(Input material)

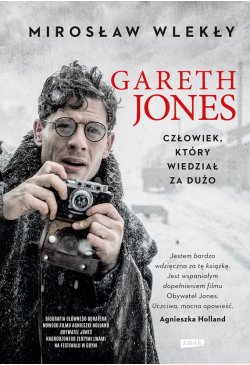 Gareth Jones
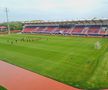 E oficial » Meciul care va inaugura stadionul modernizat din Superliga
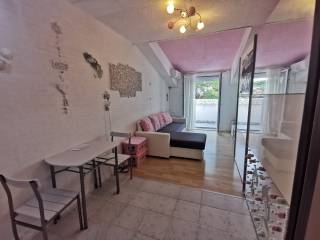 Flat in a building, Sale, Trogir - Okolica, Arbanija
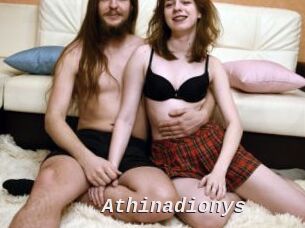 Athinadionys
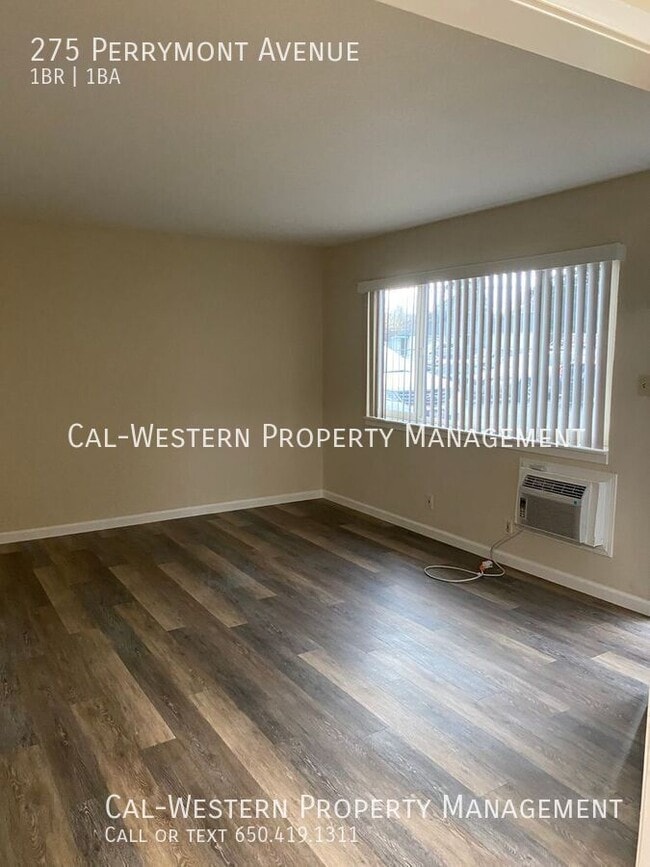 275 Perrymont Ave in San Jose, CA - Building Photo - Building Photo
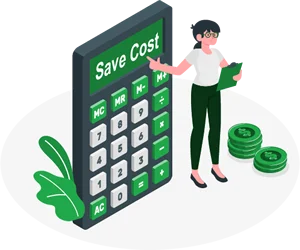 Save Cost With AutoCount Save Cost With AutoCount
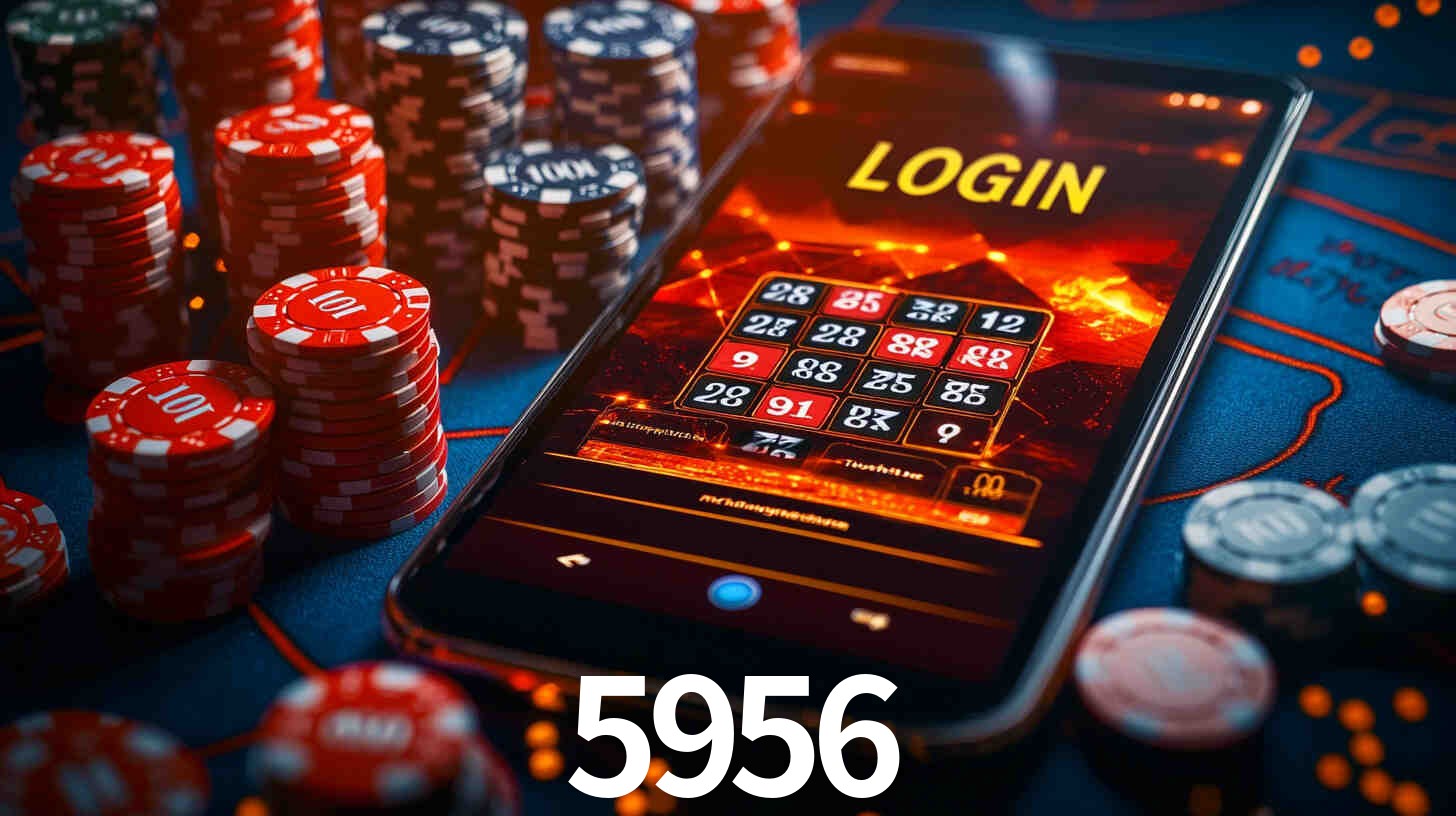 Ofertas App 5956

(End Input material)

Goal of the exercise:
The entries above need to be repeated in full, word for word. Skip the images.

Exercise answer:
 Gareth Jones
 E oficial » Meciul care va inaugura stadionul modernizat din Superliga
 Flat in a building, Sale, Trogir - Okolica, Arbanija
 Athinadionys
 275 Perrymont Ave in San Jose, CA - Building Photo - Building Photo
 Save Cost With AutoCount Save Cost With AutoCount
 Ofertas App 5956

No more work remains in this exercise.